Skip the pictures and repeat each line of the data exactly.

**Excerpted data**
Start of Block

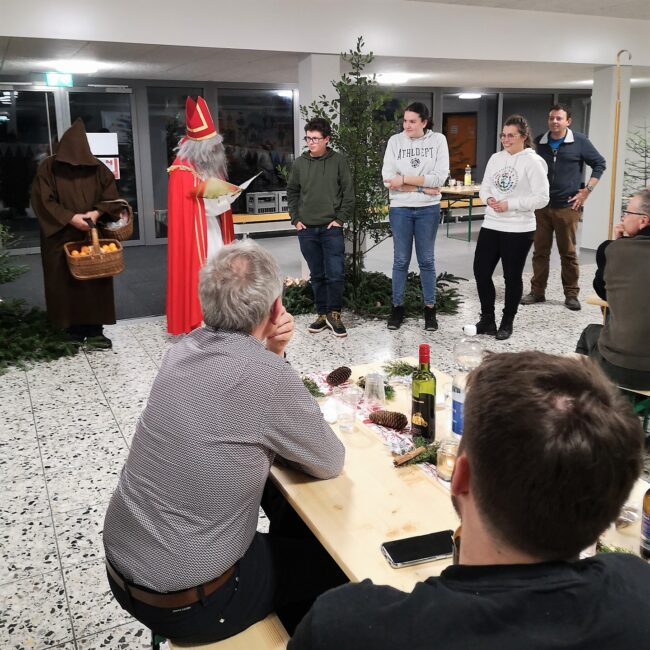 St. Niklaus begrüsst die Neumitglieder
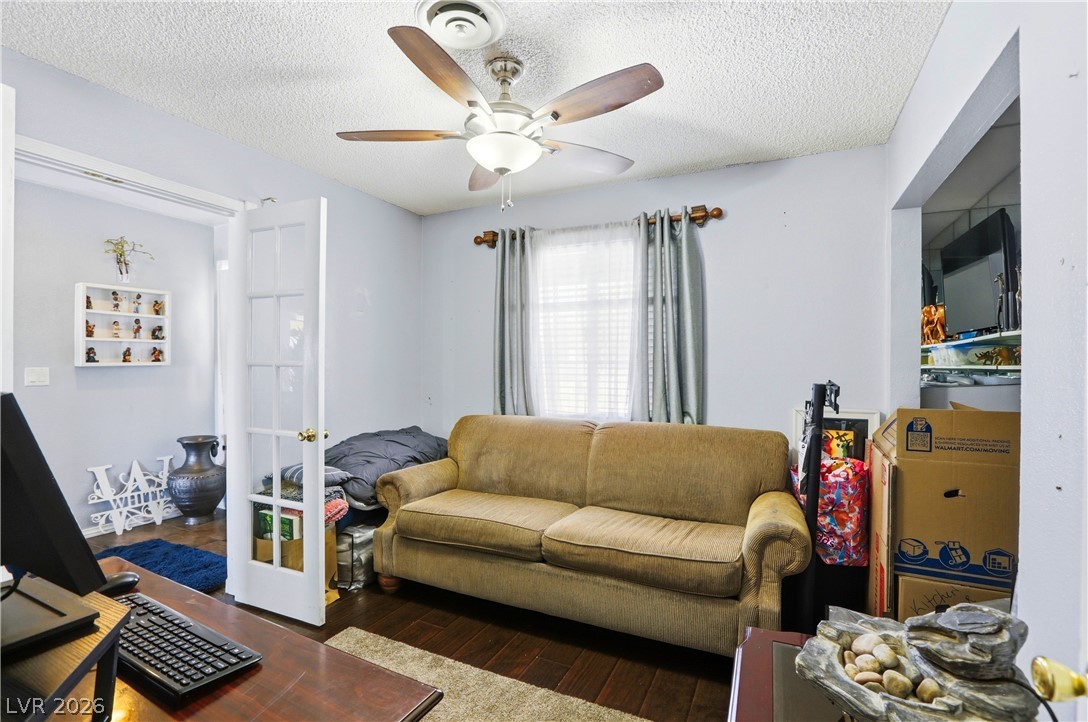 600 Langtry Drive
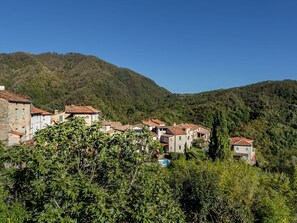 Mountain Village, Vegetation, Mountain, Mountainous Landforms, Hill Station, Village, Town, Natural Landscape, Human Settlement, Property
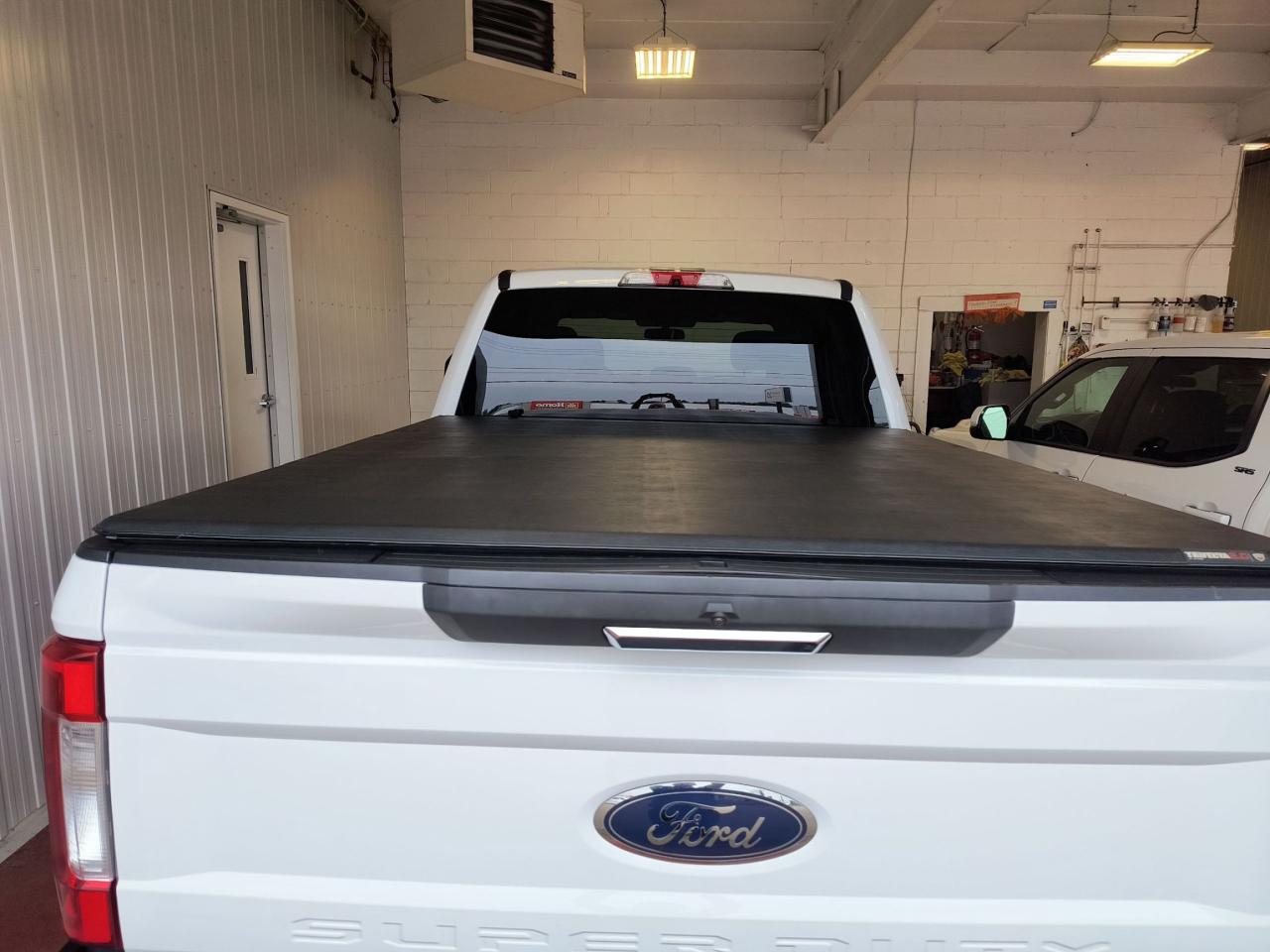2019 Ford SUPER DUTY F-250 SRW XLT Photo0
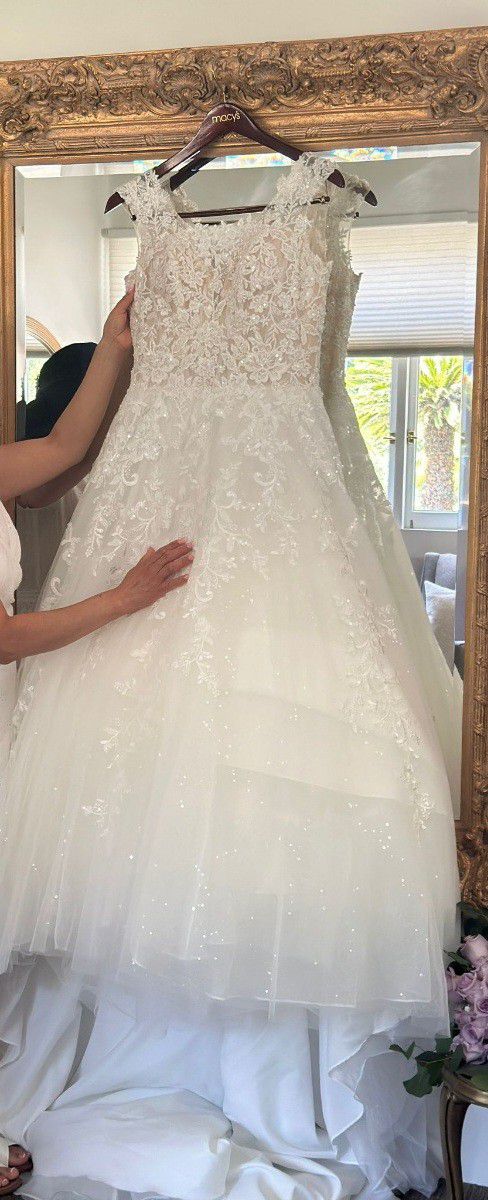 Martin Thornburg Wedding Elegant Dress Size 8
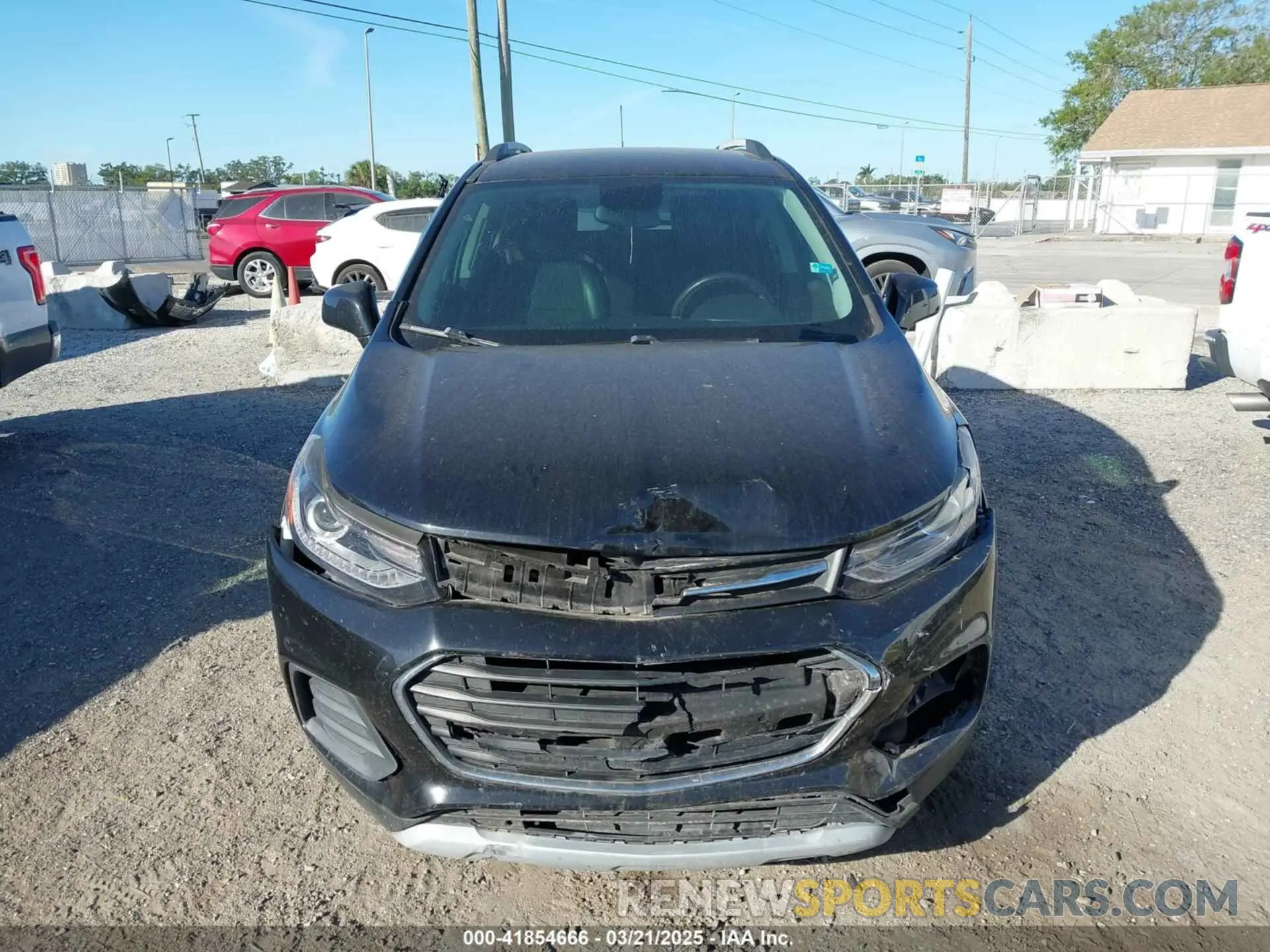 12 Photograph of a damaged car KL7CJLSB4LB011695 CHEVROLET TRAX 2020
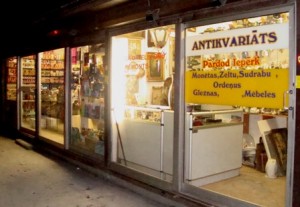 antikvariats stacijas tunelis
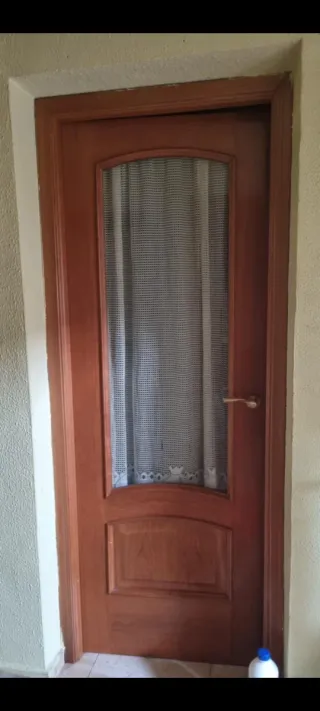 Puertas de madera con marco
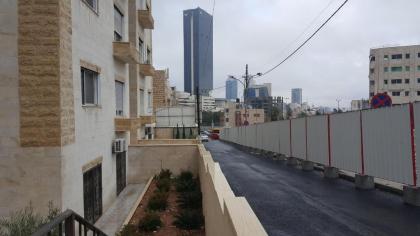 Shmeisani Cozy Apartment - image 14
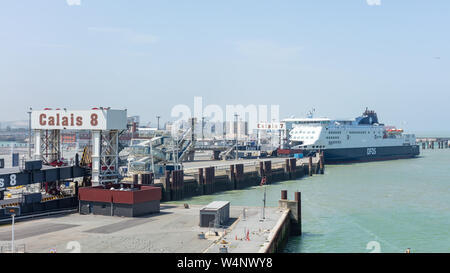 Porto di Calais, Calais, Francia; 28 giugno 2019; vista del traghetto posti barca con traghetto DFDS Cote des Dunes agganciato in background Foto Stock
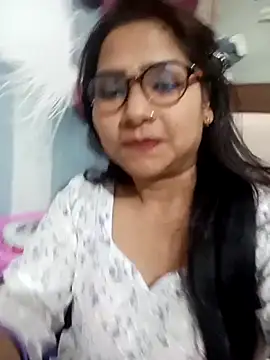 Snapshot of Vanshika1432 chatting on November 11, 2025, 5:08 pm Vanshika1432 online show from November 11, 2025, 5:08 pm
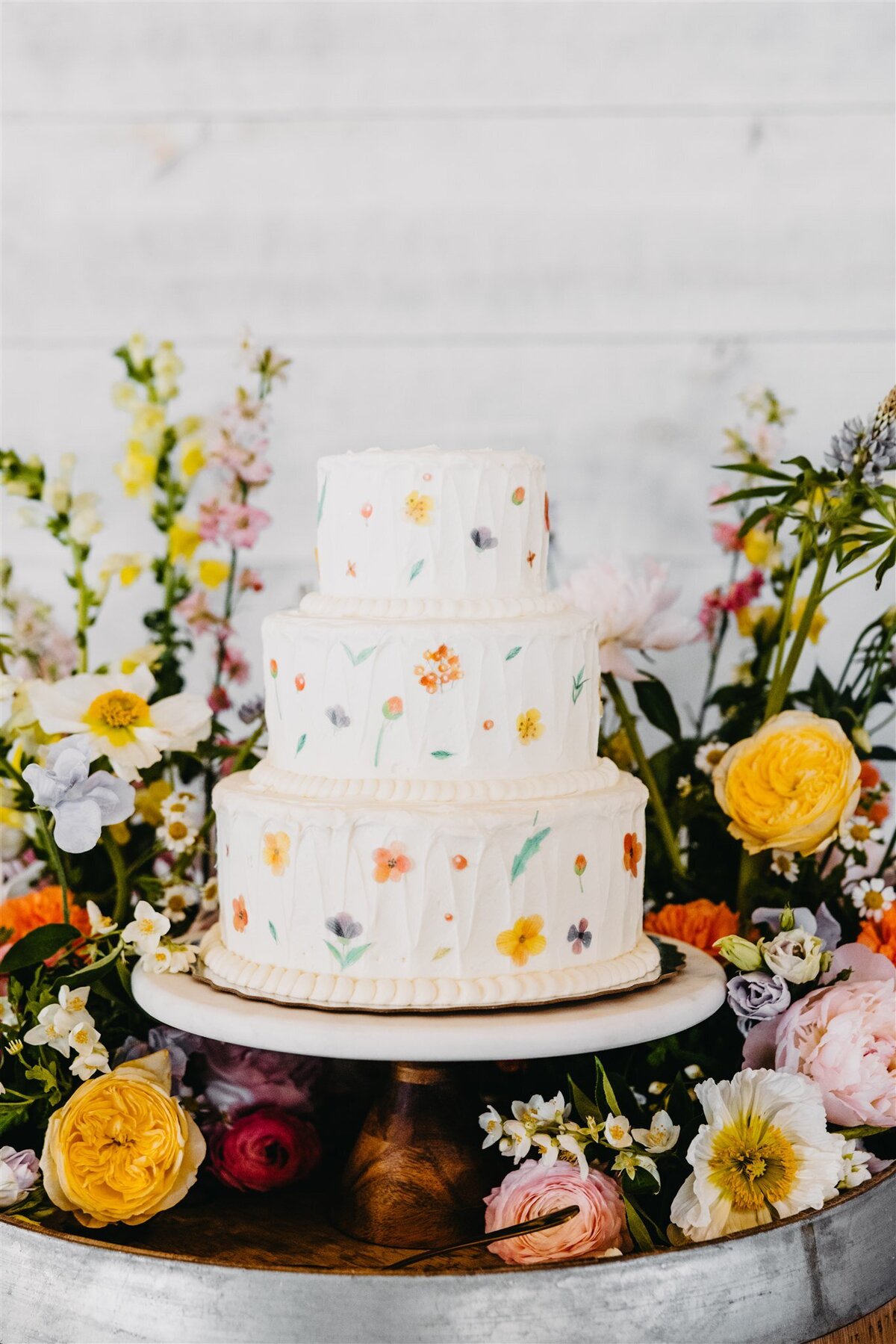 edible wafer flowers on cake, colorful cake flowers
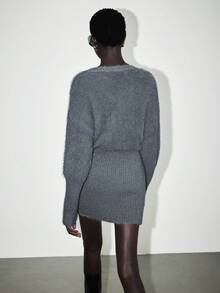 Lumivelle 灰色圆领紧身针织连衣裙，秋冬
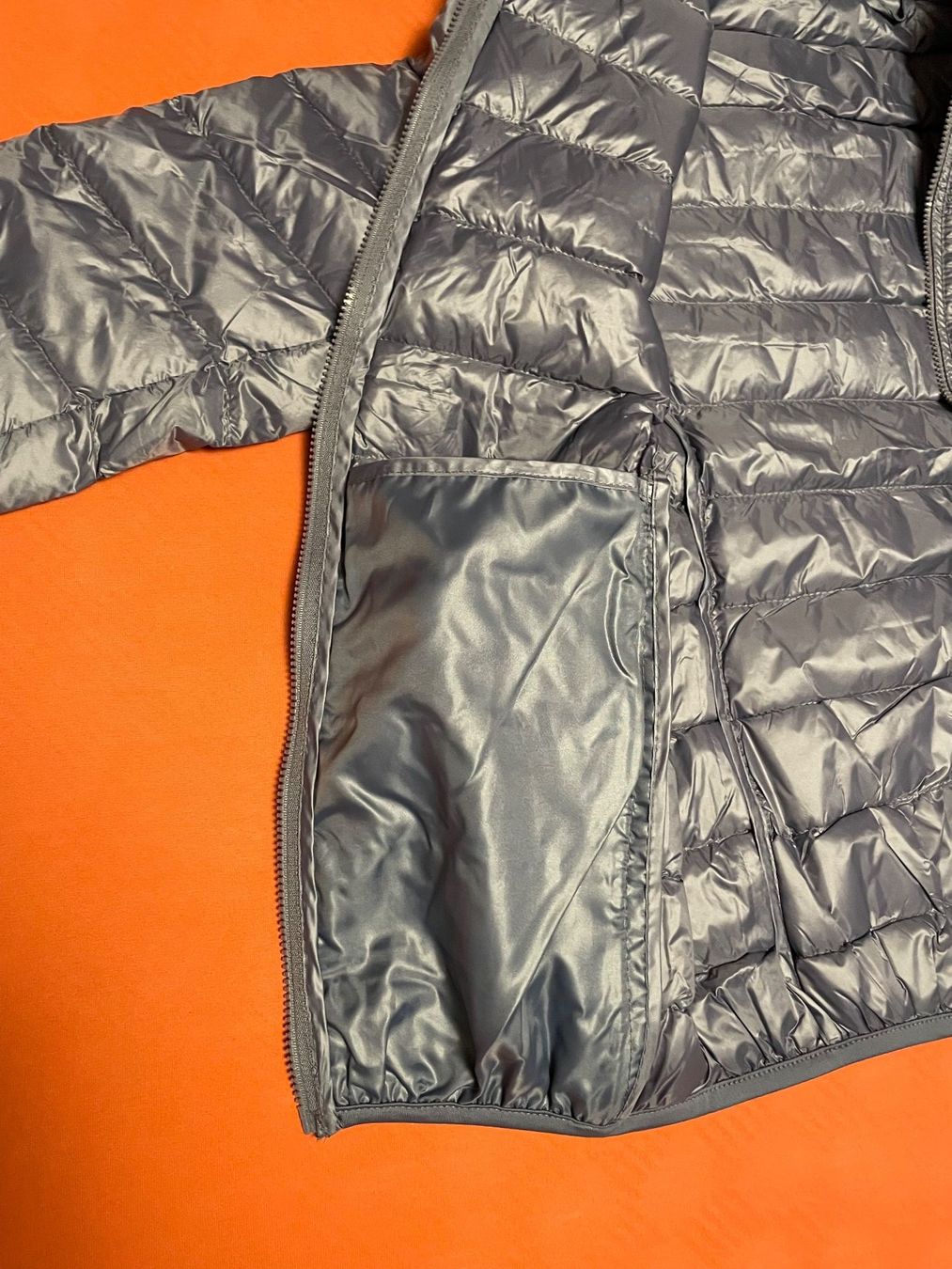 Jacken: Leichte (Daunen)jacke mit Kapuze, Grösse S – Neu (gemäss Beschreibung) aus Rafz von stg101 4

End of Block

**Output below**
 St. Niklaus begrüsst die Neumitglieder
 600 Langtry Drive
 Mountain Village, Vegetation, Mountain, Mountainous Landforms, Hill Station, Village, Town, Natural Landscape, Human Settlement, Property
2019 Ford SUPER DUTY F-250 SRW XLT Photo0
 Martin Thornburg Wedding Elegant Dress Size 8
 12 Photograph of a damaged car KL7CJLSB4LB011695 CHEVROLET TRAX 2020
 antikvariats stacijas tunelis
 Puertas de madera con marco
 Shmeisani Cozy Apartment - image 14
 Porto di Calais, Calais, Francia; 28 giugno 2019; vista del traghetto posti barca con traghetto DFDS Cote des Dunes agganciato in background Foto Stock
 Snapshot of Vanshika1432 chatting on November 11, 2025, 5:08 pm Vanshika1432 online show from November 11, 2025, 5:08 pm
 edible wafer flowers on cake, colorful cake flowers
 Lumivelle 灰色圆领紧身针织连衣裙，秋冬
 Jacken: Leichte (Daunen)jacke mit Kapuze, Grösse S – Neu (gemäss Beschreibung) aus Rafz von stg101 4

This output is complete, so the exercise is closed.